Activity:
Repeat the entries below exactly as they appear, with no pictures.

[Records for this exercise — start]

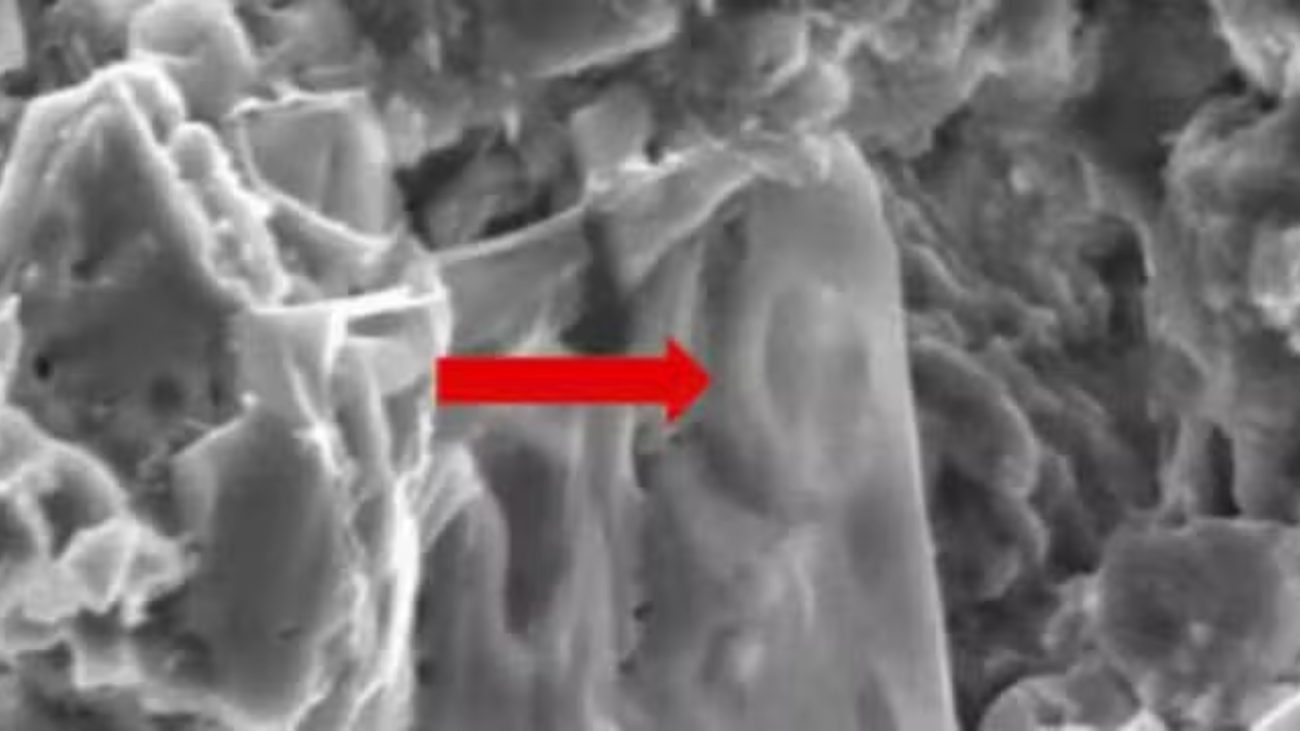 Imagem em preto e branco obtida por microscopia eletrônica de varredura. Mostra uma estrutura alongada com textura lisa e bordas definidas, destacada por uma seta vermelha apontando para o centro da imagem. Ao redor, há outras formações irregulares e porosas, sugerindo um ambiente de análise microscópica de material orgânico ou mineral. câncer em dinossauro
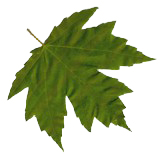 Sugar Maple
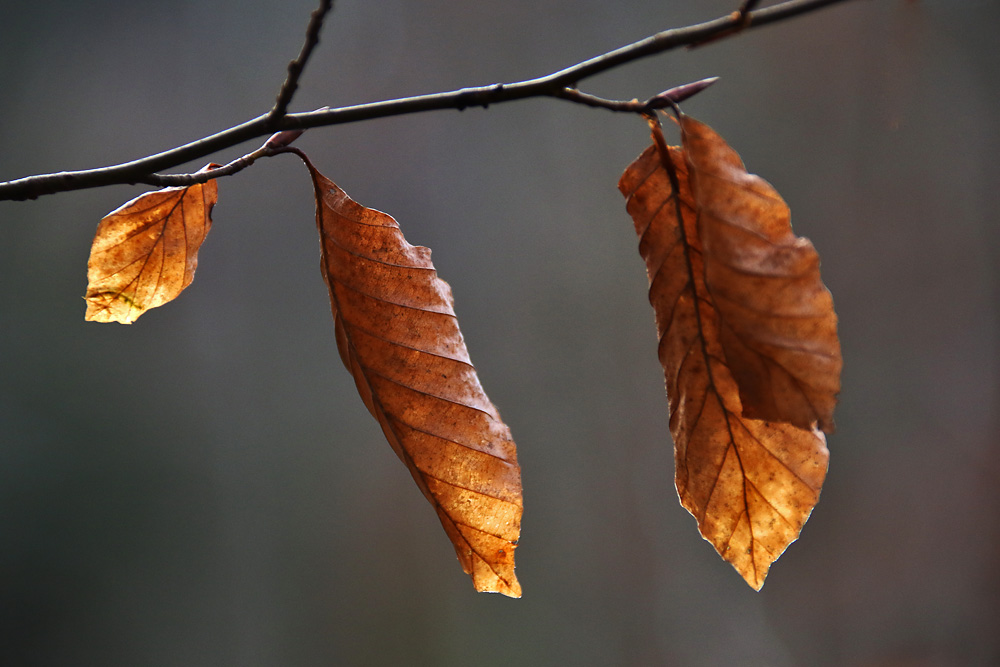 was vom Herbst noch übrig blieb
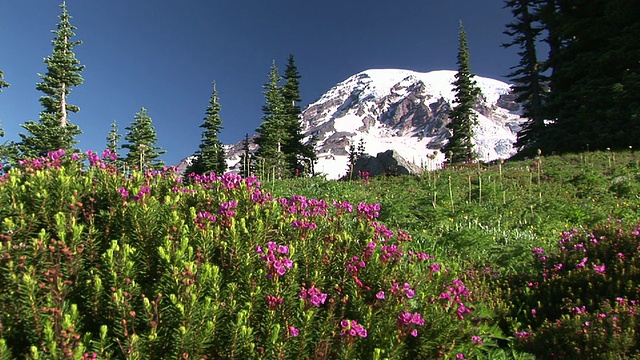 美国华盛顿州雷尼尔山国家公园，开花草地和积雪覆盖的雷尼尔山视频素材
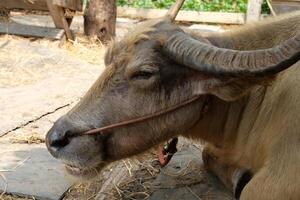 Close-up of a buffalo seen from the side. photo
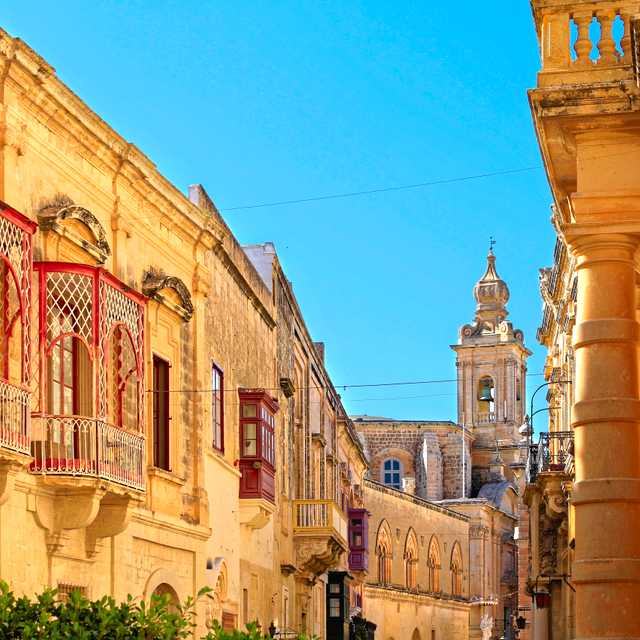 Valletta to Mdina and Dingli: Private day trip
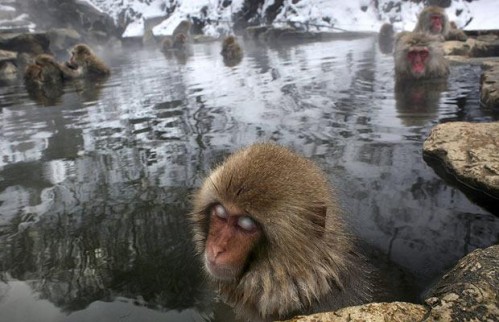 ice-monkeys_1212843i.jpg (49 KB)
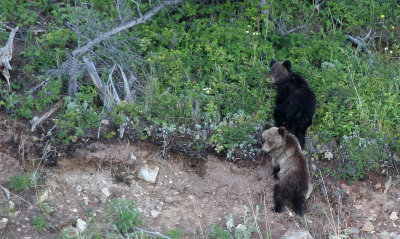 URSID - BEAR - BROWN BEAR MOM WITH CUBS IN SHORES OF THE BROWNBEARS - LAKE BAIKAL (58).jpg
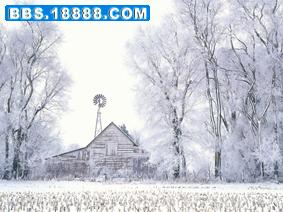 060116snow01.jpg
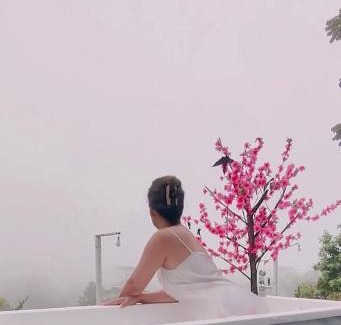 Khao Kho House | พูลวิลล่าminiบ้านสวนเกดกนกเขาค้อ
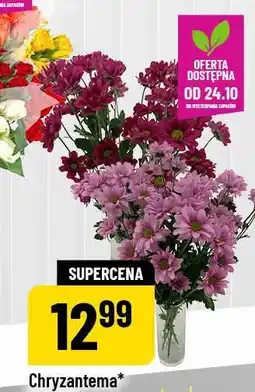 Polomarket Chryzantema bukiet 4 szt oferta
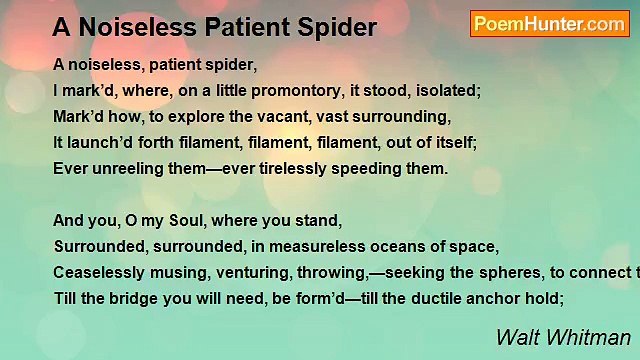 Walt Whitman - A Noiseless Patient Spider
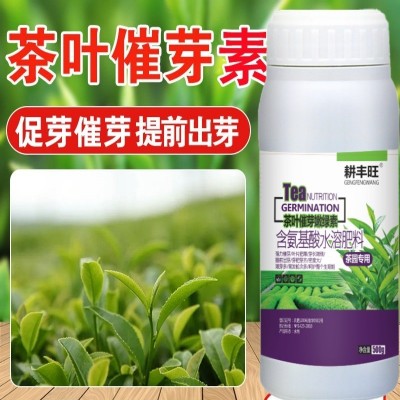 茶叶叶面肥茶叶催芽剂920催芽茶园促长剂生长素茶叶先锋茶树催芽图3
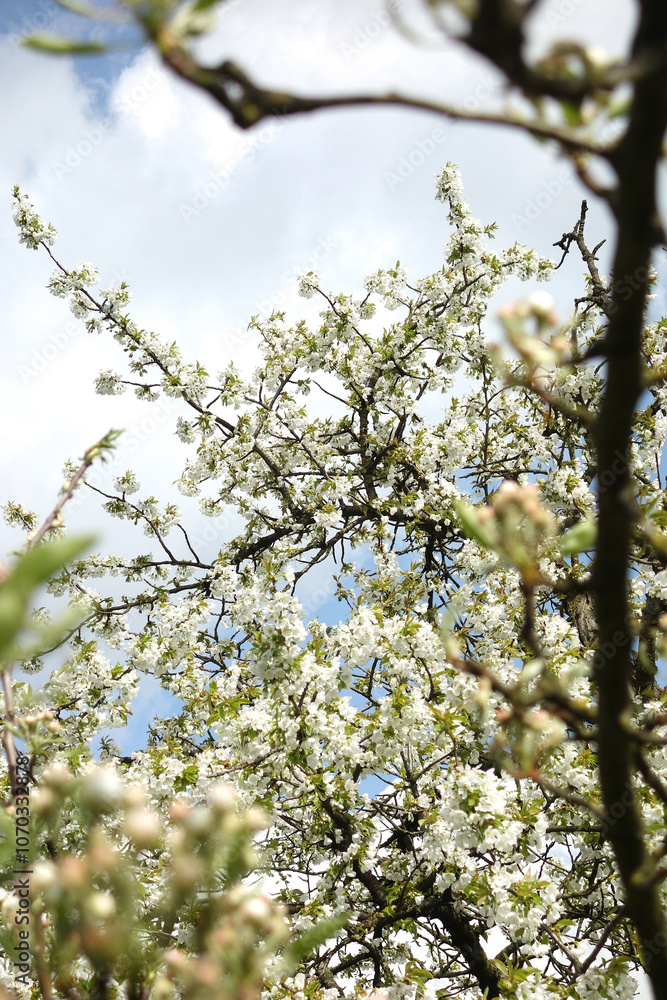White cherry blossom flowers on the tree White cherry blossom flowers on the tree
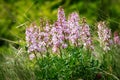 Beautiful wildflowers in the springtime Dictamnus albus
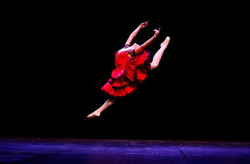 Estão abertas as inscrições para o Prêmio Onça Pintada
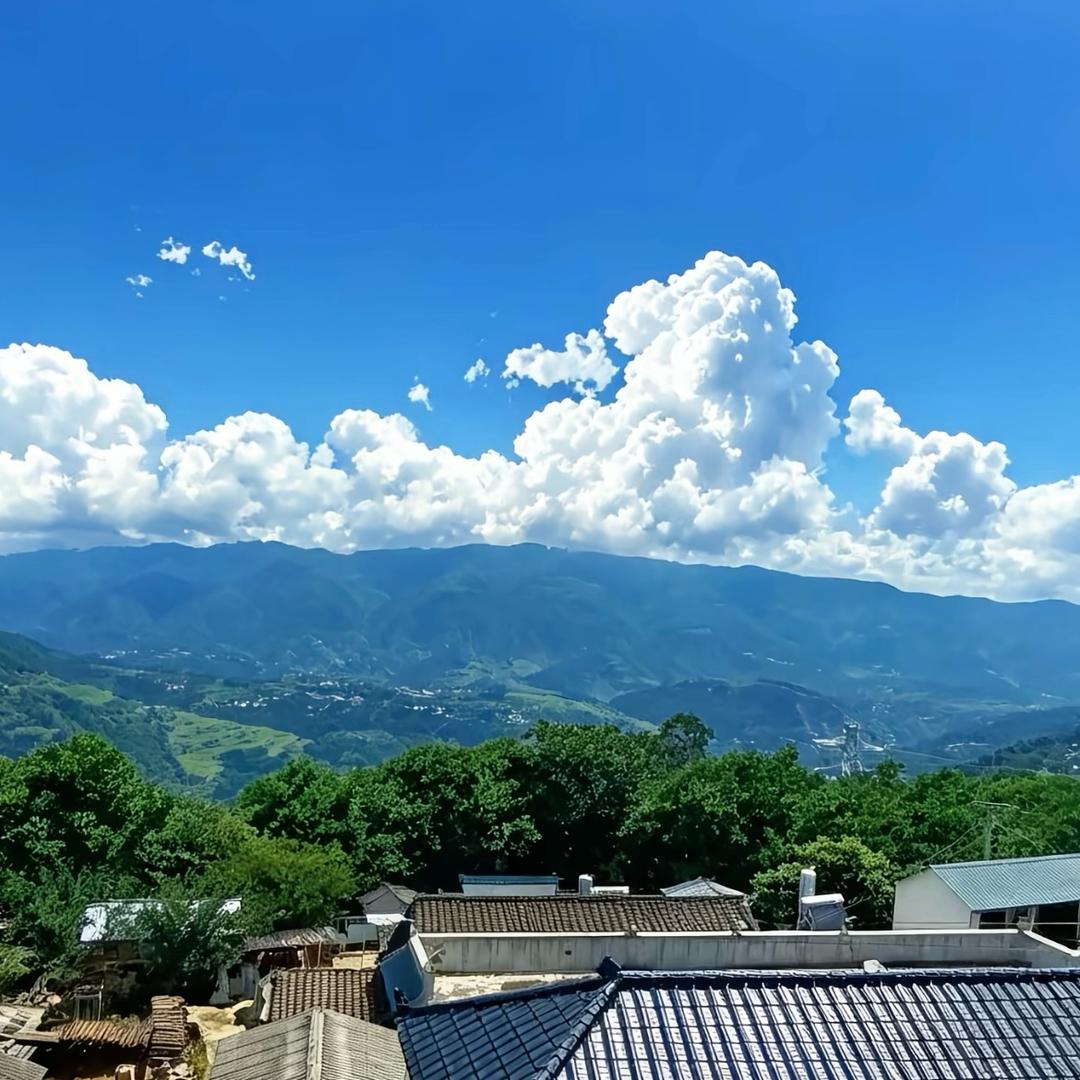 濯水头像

[Records for this exercise — finish]

Expected answer:
 Imagem em preto e branco obtida por microscopia eletrônica de varredura. Mostra uma estrutura alongada com textura lisa e bordas definidas, destacada por uma seta vermelha apontando para o centro da imagem. Ao redor, há outras formações irregulares e porosas, sugerindo um ambiente de análise microscópica de material orgânico ou mineral. câncer em dinossauro
 Sugar Maple
 was vom Herbst noch übrig blieb
 美国华盛顿州雷尼尔山国家公园，开花草地和积雪覆盖的雷尼尔山视频素材
 Close-up of a buffalo seen from the side. photo
 Valletta to Mdina and Dingli: Private day trip
 ice-monkeys_1212843i.jpg (49 KB)
 URSID - BEAR - BROWN BEAR MOM WITH CUBS IN SHORES OF THE BROWNBEARS - LAKE BAIKAL (58).jpg
 060116snow01.jpg
 Khao Kho House | พูลวิลล่าminiบ้านสวนเกดกนกเขาค้อ
 Polomarket Chryzantema bukiet 4 szt oferta
 Walt Whitman - A Noiseless Patient Spider
 茶叶叶面肥茶叶催芽剂920催芽茶园促长剂生长素茶叶先锋茶树催芽图3
White cherry blossom flowers on the tree White cherry blossom flowers on the tree
 Beautiful wildflowers in the springtime Dictamnus albus
 Estão abertas as inscrições para o Prêmio Onça Pintada
 濯水头像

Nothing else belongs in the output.